I am trying to go through a proof of the problem that as the number of parameters grows in a model with $n$, the MLE may not be consistent. An example is the model $y_{ij}=\mu_i+\epsilon_{ij}$, where $\mu_i$ is the mean for individual $i \in (1,...,n)$ and $j\in (1,2)$, so each individual has two measurements $y_{i1}$ and $y_{i2}$. When an individual is added, another parameter $\mu$ therefore has to be estimated.

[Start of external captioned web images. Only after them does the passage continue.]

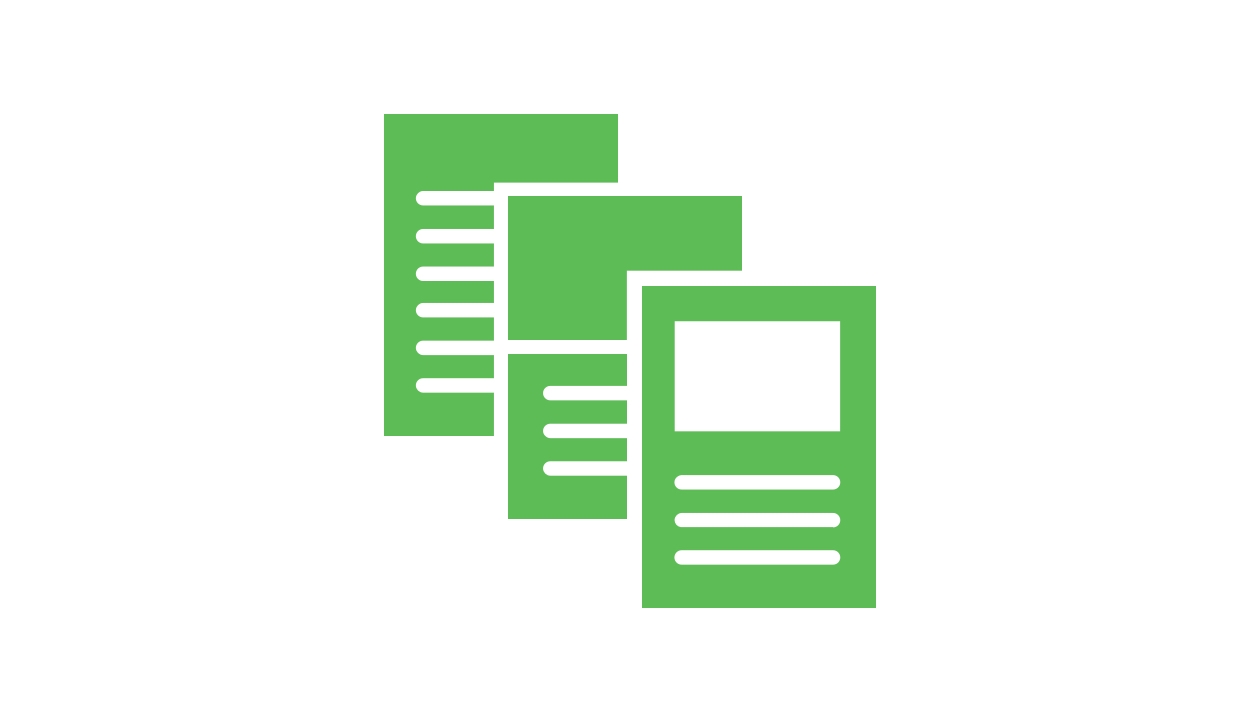 Pages para Mac Plantillas Apple Education Community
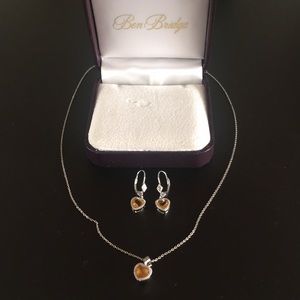 Ben Bridge Matching Set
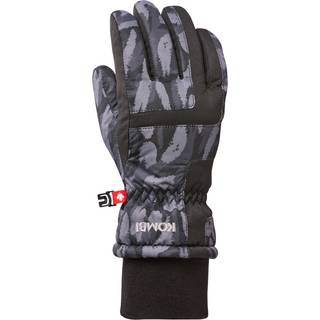 Kombi Tucker Jr Handsker, Stroke Camo, XS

The variance component for $\epsilon$ is distributed as $N(0,\sigma^2)$.
The MLE for $\mu_i$ is $\hat{\mu}_i=\frac{y_{i1}+y_{i2}}{2}$.
For $\sigma^2$, the MLE is $\hat{\sigma}^2=\frac{1}{n} \sum_{i=1}^{n} s_{i}^{2}$, where $\hat{s}_{i}^{2}=\frac{[(y_{i1}-\hat{\mu_i})^2+(y_{i2}-\hat{\mu_i})^2]}{2}$.
Since $\hat{\mu_i}=\frac{y_{i1}+y_{i2}}{2}$, $y_{i1}-\hat{\mu_i}$ and $y_{i2}-\hat{\mu_i}$ are $y_{i1}-\frac{y_{i1}+y_{i2}}{2}=\frac{y_{i1}-y_{i2}}{2}$ and $y_{i2}-\frac{y_{i1}+y_{i2}}{2}=\frac{y_{i2}-y_{i1}}{2}$. Replacing those in the formula for $\hat{s}_{i}^{2}$ gives $s_{i}^{2}=\frac{\big[\big(\frac{y_{i1}-y_{i2}}{2} \big)^2 + \big( \frac{y_{i2}-y_{i1}}{2} \big)^2 \big]}{2}$.
At this point it is concluded that $E[s_{i}^{2}]=\frac{\sigma^2}{2}$, and the MLE for $\sigma^2$ will also be $\frac{\sigma^2}{2}$. What I'm not understanding is how $E[s_{i}^{2}]=\frac{\sigma^2}{2}$ is obtained from $s_{i}^{2}=\frac{\big[\big(\frac{y_{i1}-y_{i2}}{2} \big)^2 + \big( \frac{y_{i2}-y_{i1}}{2} \big)^2 \big]}{2}$? I see in this answer that $Y_{i1}-Y_{i2}\stackrel{d}{=}N(0,2\sigma^2)$ but why is this and why does it imply the result $\frac{\sigma^2}{2}$?
As an aside, is it the case that this bias in the estimate of $\sigma^2$ is the reason for the use of REML in mixed effect models?